[To the Editor of the SPECTATOR.] SIR, I fear your
jubilation over the letter from " Two Aldermen of the Borough of Harrogate " is somewhat mis- placed. I have the misfortune to reside in Harrogate, a town which by nature would respond excellently to a display of that civic sense you so rightly applaud, but there can be few towns in which natural beauties are more thoroughly desecrated. One of the natural beauty spots at Harrogate for years past has been that beautiful avenue of trees, part of the old forest of Knaresborough, leading from the Stray down Wetherby Lane, up Hookstone Road and back to the Stray by Paley Lane, which has been probably the most popular promenade for both residents and visitors.

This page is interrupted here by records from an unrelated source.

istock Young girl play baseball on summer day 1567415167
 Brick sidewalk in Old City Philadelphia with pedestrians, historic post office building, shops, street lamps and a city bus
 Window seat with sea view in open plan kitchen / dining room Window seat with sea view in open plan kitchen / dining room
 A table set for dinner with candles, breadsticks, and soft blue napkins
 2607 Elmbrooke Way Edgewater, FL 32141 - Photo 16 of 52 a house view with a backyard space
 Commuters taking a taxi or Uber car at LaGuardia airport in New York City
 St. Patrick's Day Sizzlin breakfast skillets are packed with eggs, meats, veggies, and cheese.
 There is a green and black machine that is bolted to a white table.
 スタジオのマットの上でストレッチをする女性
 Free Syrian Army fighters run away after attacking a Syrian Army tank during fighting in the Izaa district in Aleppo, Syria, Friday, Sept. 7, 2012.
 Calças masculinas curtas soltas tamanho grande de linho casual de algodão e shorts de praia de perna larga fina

Possibly the Harrogate Corporation could not prevent the land falling into the hands of speculative builders, but they could at least have displayed a modicum of civic sense, and a slight appreciation of natural beauty, by insisting that such houses as were erected should not too grievously detract from the charm of the neighbourhood, instead of which, the Corporation have permitted the erection of most unedifying dwellings, many of the bungalow class, and hopelessly crowded together. They have pursued precisely the same policy along what was once a very pretty road leading along the north side of the far-famed Valley Gardens, and a still more glaring example of the Corporation's atrocious taste in domestic architecture is to be seen in the houses now being erected along Harlow Hill. Anyone who knew Harrogate before the War and revisited it to-day would be appalled at the altogether unnecessary ugliness for which the Corporation must be held responsible.—I am, 'Sir, &c., E. MILES-KNOT LP% Woodroyd, Woodlands, Harrogate.